EU applications at the University have continued to fall each year from the levels recorded before the fee change. Previously, around 4,000 EU applications were submitted on UCAS each year. In the 2022 application cycle, 1,735 EU students applied to UCAS courses, down from 2,260 in 2021.
Unlike the case for American students, where the University of St Andrews may be cheaper than domestic universities, it is now considerably more expensive to attend university in Scotland than universities on the continent. Many universities in Europe are completely free for students from the EU. The increased cost of university is likely to have deterred some EU students from making an application at St Andrews.
Kieran Galpin, Deputy Features Editor for The Saint, compared St Andrews with Lund University in Sweden. Lund stands close to St Andrews in the QS World Rankings 2022, but it is completely free for EU students. Mr Galpin argues that post-Brexit fee changes will test the University’s ability to attract EU students.
The Saint analysis of data for the first full post-Brexit year shows that whilst EU applications have fallen significantly, levels of enrolment at the University have stayed the same. This shows that the University of St Andrews has not followed the nationwide trend, where EU students enrolling in British universities has more than halved since Brexit. In the UK, students from Italy, Germany, and France are experiencing the biggest drops in enrolment since Brexit, according to Higher Education Student Authority (HESA).

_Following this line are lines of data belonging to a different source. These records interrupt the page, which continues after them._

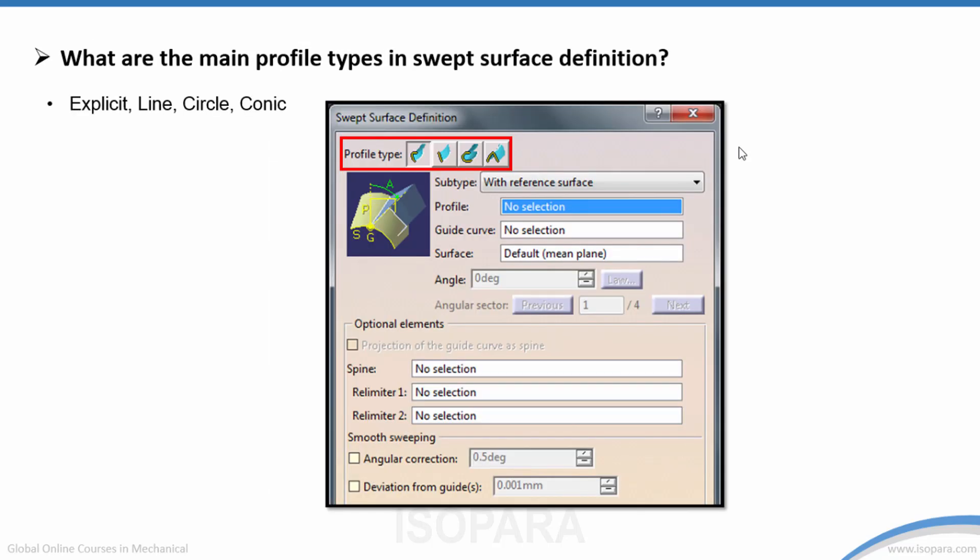What are the main profile types in the Swept Surface definition? As you can see in the image, the Swept Surface definition has profile types: Explicit, Line, Circle, and Corner.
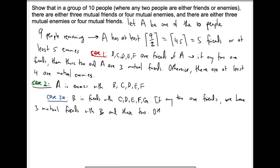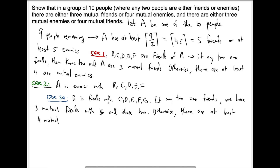Otherwise, that means no two among this group of five are friends, so there are at least four mutual enemies. There will actually be five in this case, but at least four is still fine — because we need to prove that there are four mutual enemies. So at least four mutual enemies. That's pertaining to case 2A.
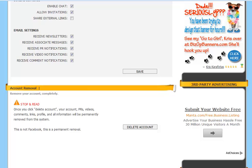And the last section within the account settings is the account removal. Completely remove your account. But once you click delete account, your account, press releases, video comments, links, profile, and all information will be permanently removed from the system.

At the University of St Andrews, 985 EU students enrolled for the 2021/22 academic year. This has been a level of enrolment maintained throughout the period before and after the UK’s departure from the EU.
The data provided by HESA reveals the University’s commitment to maintain its balance of nationalities. The University has previously told The Saint, “One the great strengths of our university is the mix of nationalities, cultures and world views across our student body, and we have no plans to change that balance, or increase the numbers of students in St Andrews.”

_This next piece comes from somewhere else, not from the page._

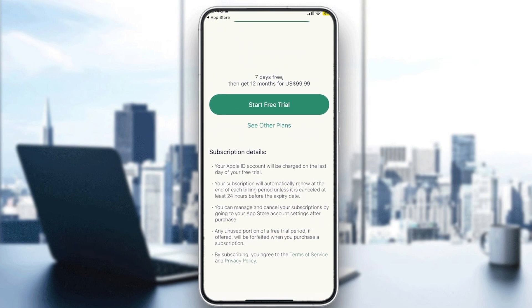Here are the subscription details: your Apple ID account will be charged on the last day of the free trial, and your subscription will automatically renew at the end of each billing period unless canceled at least 24 hours before the expiry date. You can manage and cancel your subscriptions through your App Store account settings. Any unused portion of a free trial will be forfeited when you purchase a subscription. So if you used only three days of the seven-day trial, you will get those remaining four days added on top of your one-year subscription.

The result of the University’s balancing strategy has been a surge in the enrolment rate of EU students. Whilst the actual standards of entry have not changed, the proportion of those receiving offers from the pool of applicants has climbed after Brexit, according to data provided by UCAS and HESA.
The offer rate for a place studying International Relations at the University reveals the palpable impact that fee status makes. In 2020, just over 1% of EU applicants received offers in IR, according to a recent Freedom of Information request. This stands in contrast with the 74% of non-EU international students that received offers to study the same course.
This discrepancy has changed, following the fall in EU applications and the University’s aim to maintain its student makeup. As EU students will no longer be funded by the Scottish government, MSPs have said that the number of places awarded to Scottish students will increase, as funding is redistributed to Scottish applicants.
Currently, Universities are told by the Scottish Government exactly how many Scottish students they can admit, and universities are fined if they go over or under the figure they are given.
The University has told The Saint, “The issue of the fees paid by the Scottish Government present a challenge to all universities, as these frequently don’t cover the actual cost of teaching.”
Richard Lochhead, MSP and former Minister for Higher Education has stated that the number of university places for students from Scotland would rise as a result of Brexit. Mr Lochhead said, “As a result of EU law, we have treated EU students in the same way we treat students from Scotland. They do not pay tuition fees.”
“It is with a heavy heart that we have taken the difficult decision to end free education for new EU students from the academic year 2021/22 onwards as a consequence of Brexit.”
Brexit has also resulted in the UK's withdrawal from the Erasmus programme, which promotes short-term exchanges between European institutions and awards students with monthly funding while they study or work abroad.
The Erasmus programme has been replaced by the Turing scheme in the UK. Rather than focusing only on travel inside the EU like Erasmus, the new scheme attempts to finance student travel across the world.
Another key difference is that Erasmus sets out budgets for six or seven years. In the new Turing scheme, participant universities must apply for funding annually. This means that there is greater uncertainty on the number of students an institution can send abroad each year. It is individual universities that submit funding applications for the programmes they want to run under the scheme – this year the Turing scheme rejected 19 higher education institutions’ applications.
The Turing scheme has been confirmed at the University of St Andrews until 2024-2025 and the University has committed to bid annually.
As EU applicants fall at the University, there has been a significant increase in international student applications from outside the EU. Aftershocks of the UK’s withdrawal from the EU will continue to be seen across higher education in the country. Whilst there may be some cause for concern as EU applications fall, for the time being, you would not notice from the numbers of EU students at St Andrews.